最低賃金、30日に議論開始 全国平均時給千円が焦点

 厚生労働省の中央最低賃金審議会は、賃金の下限に当たる最低賃金の2023年度の引き上げ目安額を決めるため、30日から議論を始める。現在は全国平均時給961円。政府は物価高騰を背景に、経済財政運営の指針「骨太方針」で「今年は時給千円を達成することを含め議論を行う」と明記しており、千円へ引き上げるかどうかが焦点となる。
 中央審議会では労使の代表らが協議し、例年7月中に引き上げ目安額を決める。この目安額を基に、都道府県の地方審議会が話し合い、8月ごろに実際の引き上げ額を決定。10月以降、順次適用され、非正規を含む全ての働く人が対象となる。
 岸田文雄首相は今月21日の記者会見で、最低賃金の千円への引き上げに意欲を示し「千円達成後の方針についても議論を行っていく」と述べていた。
 連合は、賃上げ回答が相次いだ23年春闘の勢いを波及させたい考え。芳野友子会長は「誰もが時給千円(を受け取れる状況)の早期実現を目指す」と話す。

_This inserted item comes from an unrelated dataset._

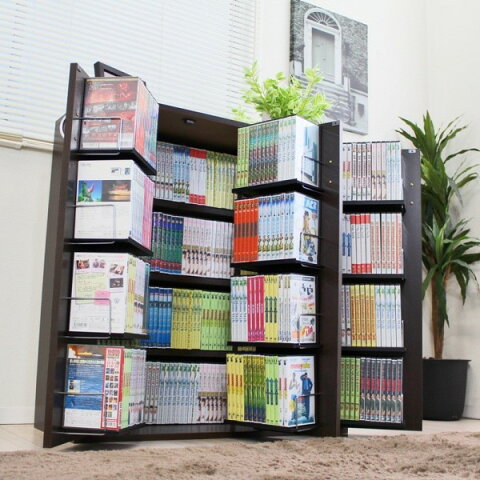 書棚 扉付き 驚きの収納力! 人気 暮らし 本棚 日本製!DVDラック最大400収納 本棚ストッカー収納庫ダークブラウン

 日本商工会議所など経済団体は、賃上げの必要性には理解を示しつつ、中小企業を中心に厳しい経営環境が続いていることへの配慮を求める。ある経済団体の関係者は「中小企業には賃上げの余力がない」と語る。
 最低賃金の22年度の引き上げは、全国平均で過去最大となる31円増だった。